I went through the under your desk drills and at the age of 9 or 10, I thought they were stupid. I'm talking 1958, 1959, thereabouts. Grade school. I had been through a couple of bad tornadoes and knew the kind of damage they did, and I knew from all the cold war fear literature (Weekly Reader versions) that an atomic bomb was considerably more destructive than a tornado. Hiding under a desk wasn't going to save anyone from a bad storm, so it was likely not to provide much safety from a nuclear attack.

Throughout the Eisenhower, Kennedy, Johnson, Nixon, Ford, Carter, and Reagan eras, the USSR was painted as The Great Enemy. Reagan ratcheted up the rhetoric, but the threats were always there. I remember when Castro came to power, I remember Bay of Pigs, I remember the Cuban Missile Crisis, the raising of the Berlin Wall, and so on. I think I was about 12 or 13 when I saw the movie "Fail-Safe," where the president authorizes the use of nuclear weapons even though he knows his own wife will die. As you can see, that was the deepest impression the film made on me -- I understood that positions of power came with truly awesome responsibilities and you shouldn't volunteer for that kind of power without understanding that it might have a high price.

Because my entire family was Republican, I grew up as a Republican. Not a rightwing nutcase, but certainly what would have been called a "fiscal conservative." But at the same time, I questioned a lot of the more conservative social policies. HOWEVER, the major issue that stuck out, at least in my mind, was this whole thing about the communists/Russians/USSR. I did go along with that aspect of the Republican agenda, because I didn't see any reason to question it. They were the bad guys.

In spite of that, I did not live in fear. Not as a child, not as a teen-ager, not as a young adult, and not as an adult in the 1980s under Reagan and dealing with all the Brezhnev/Kosygin saber-rattling.

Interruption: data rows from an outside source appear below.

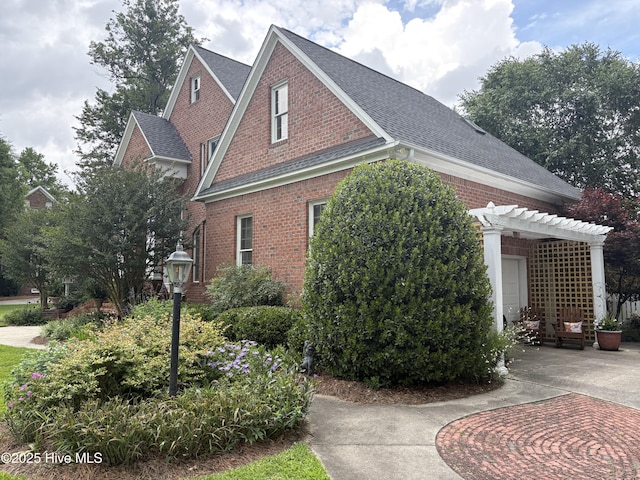 1009 Colleton Way, New Bern, NC 28562 - view of property exterior with brick siding, a pergola, and a shingled roof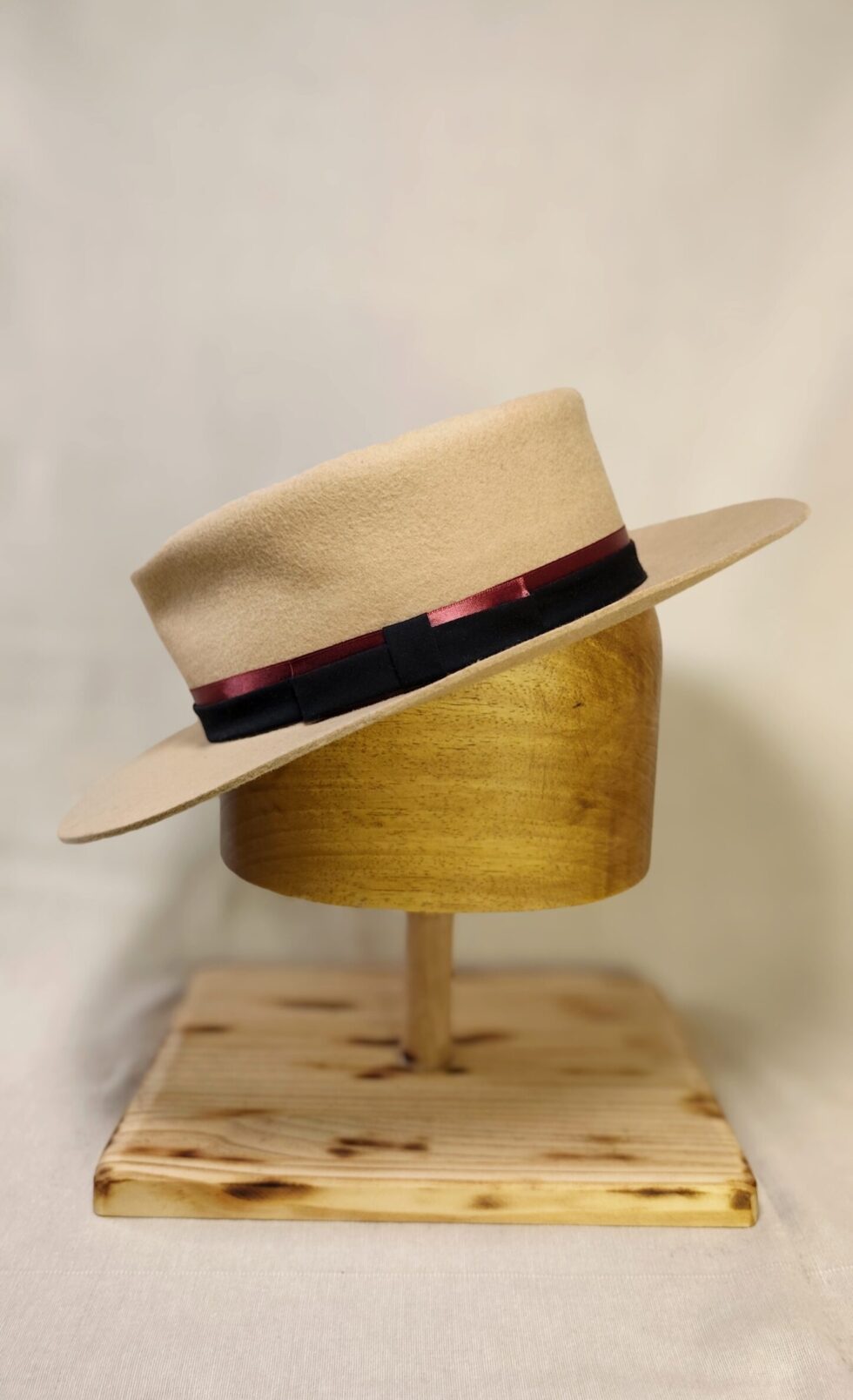 Hand-blocked sand wool felt hat with dual-tone black and burgundy grosgrain ribbon.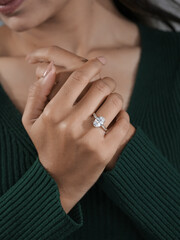 woman's elegant finger ring with a white diamond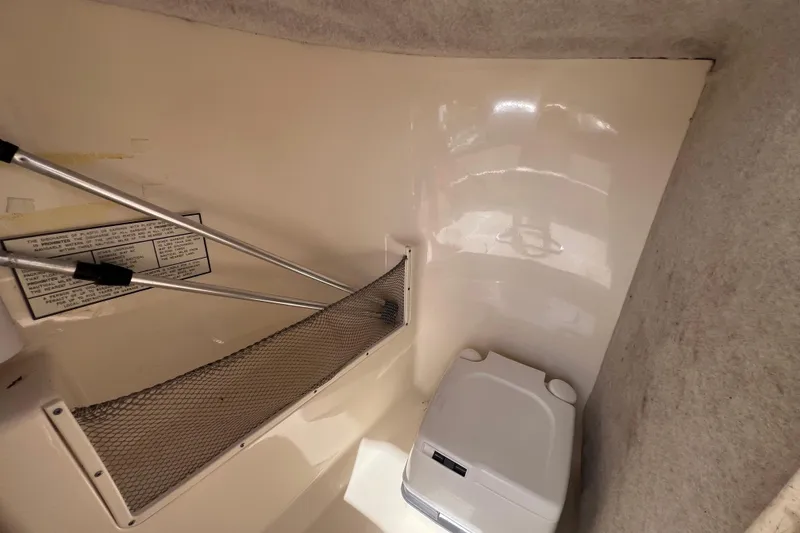 Slide: The Image of Interior of 2008 Scout 222 Dorado boat with portable toilet and storage net. - 33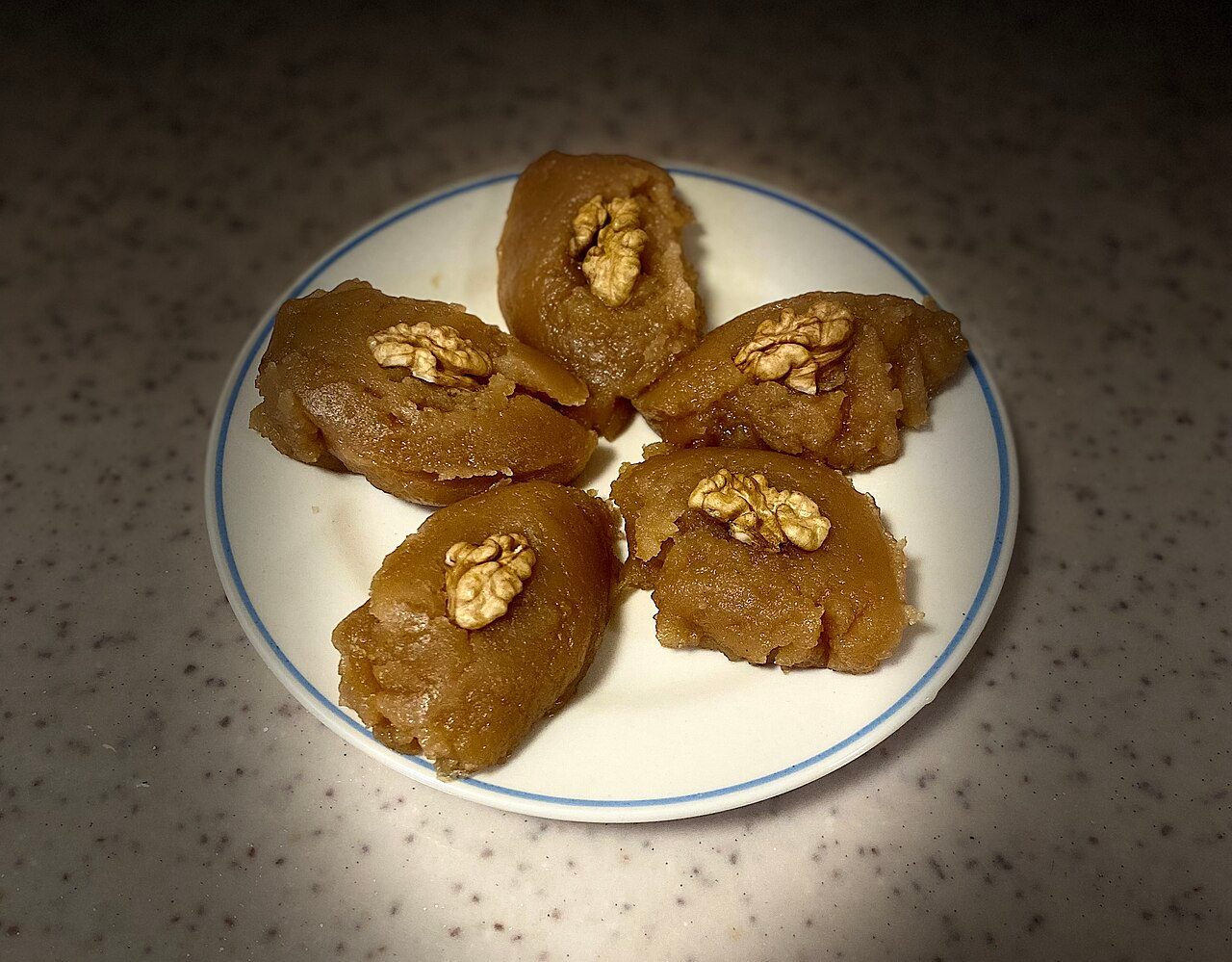 Halva is a thick paste made from flour, butter, liquid oil, and sweetened with sugar. Dry fruit are used for decor, but also as an ingredient.
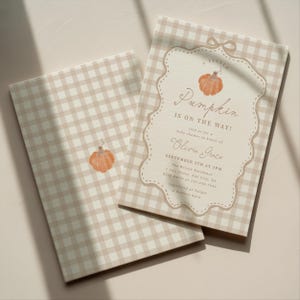 Puede incluir: Una invitación para baby shower con estampado de cuadros vichy en beige y blanco y su sobre a juego. La invitación presenta un marco festoneado central con una ilustración de calabaza en acuarela y el texto A LITTLE PUMPKIN IS ON THE WAY! para Olivia Grace.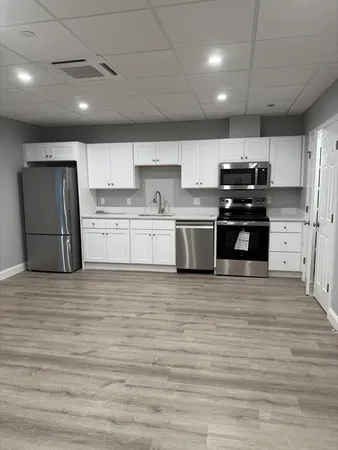 a large kitchen with stainless steel appliances granite countertop a stove and a refrigerator
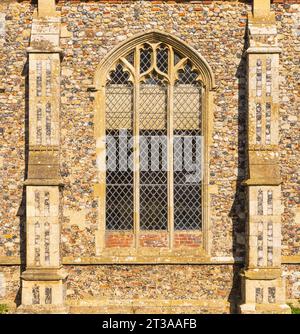 Church wall and arched leaded window exterior on a Suffolk church. UK Stock Photo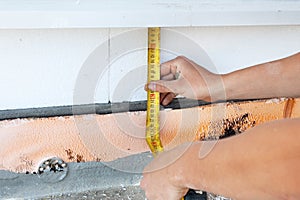 Thermal insulation house foundation walls with styrofoam boards. Worker use ruller to measure the correct length of styrofoam.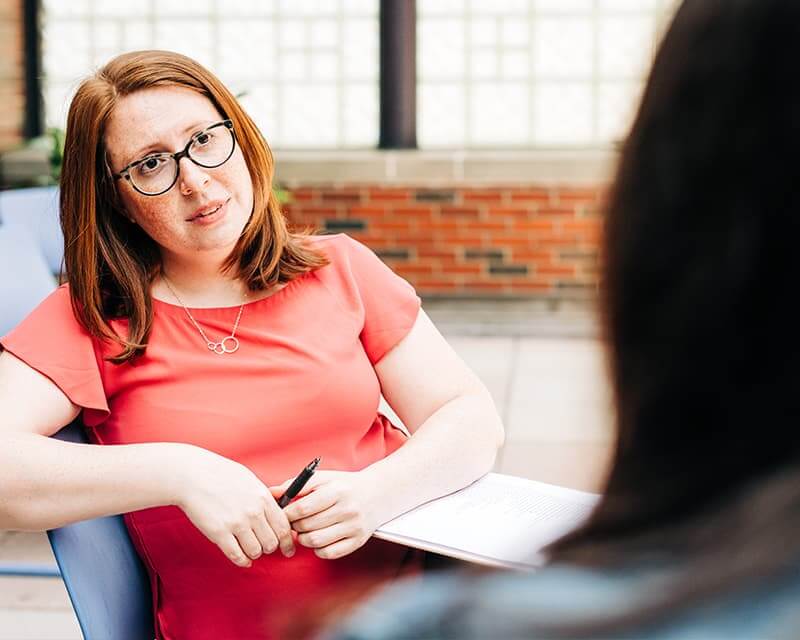 Red-haired woman in a coral shirt and glasses with a notebook, listening to person in foreground.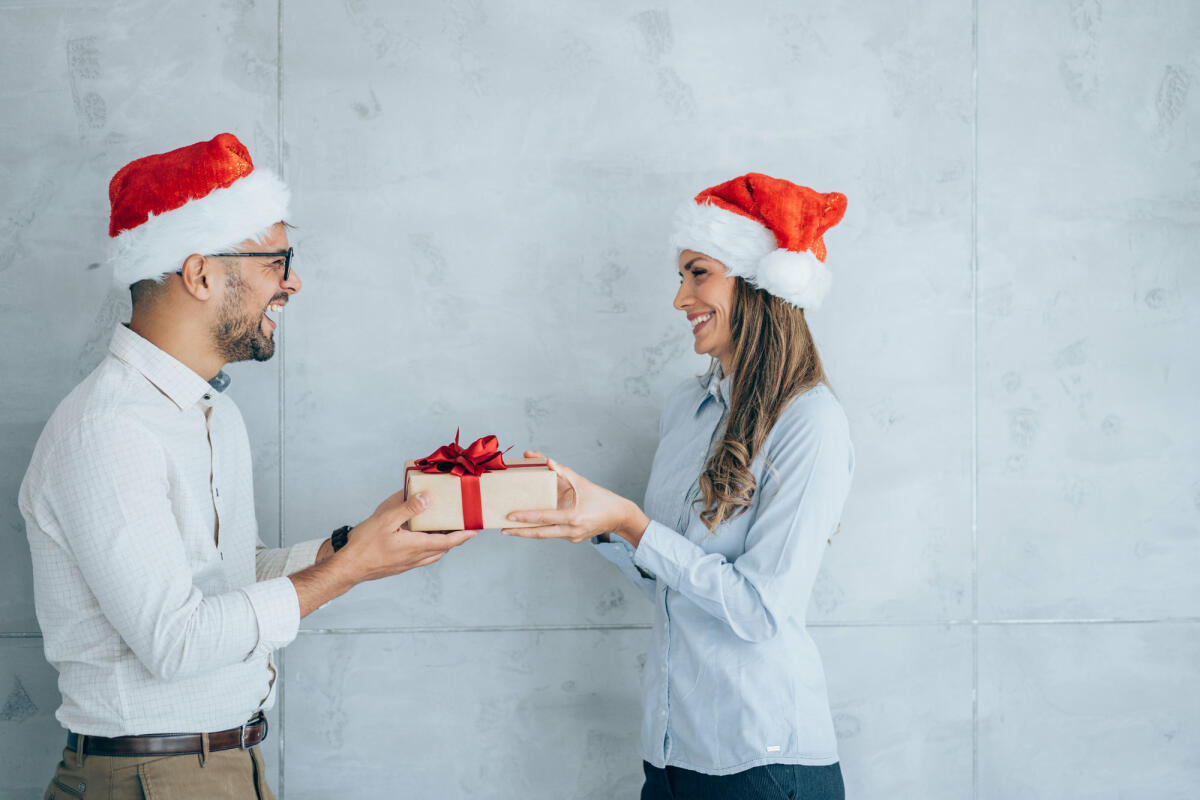 Geschäftsmann schenkt seiner Kollegin ein Geschenk. © VioletaStoimenova / Getty Images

I don't think it's possible to sustain an attitude of fear for very long without reinforcement. We know there are threats from all kinds of dangers, but we go ahead and live our lives pretty much the same day to day. Could we have a fatal car accident on the way home from work? Yep, but we drive home anyway. Could we be caught in the crossfire of a road rage shooting? Yep, but we get on the freeways anyway. Could our plane develop engine trouble and drop out of the sky? Yep, but we plan the trip to Chicago for our mother's 75th birthday party anyway.

The constant drumbeat of terror-terror-terror-threat-threat-danger-war-catastrophe will eventually take a toll. But more important than the long term effect will be the short term effect, which is to condition us to react in a prescribed manner if/when the terror-threat-danger becomes real. Even as we spend time -- and obviously I'm as guilty as anyone -- discussing the viability of these threats and dangers, we are giving them reinforcement in our minds.

I think the real question, JanMichael, ought to be "What specific changes have you made in your life as a response to fear of a terrorist attack? Have you stockpiled antibiotics in case someone drops anthrax spores all over the place? Have you built a fall-out shelter in case a rogue terrorist groups unleases a bunch of dirty bombs? Have you had yourself sterilized so you won't leave any children to live in a world of nuclear winter?"

To live without any fear is foolish. If we don't fear things, we can act in ways that put ourselves and others at unacceptable risk. Do we fear HIV/AIDS enough to practice safe sex? I think most of us do. Do we fear imprisonment enough not to go around knocking off all the people we don't like? Probably. Do we fear food poisoning enough to store our food wisely? But these are rational fears, based on rational knowledge and experience.

To me, based on 55 years of life in these United States, fear of terrorism, of Saddam Hussein, of al-Qaida and bin Laden and so on is a waste of energy. Irrational fear won't stop the events from happening. We have little to no control over them.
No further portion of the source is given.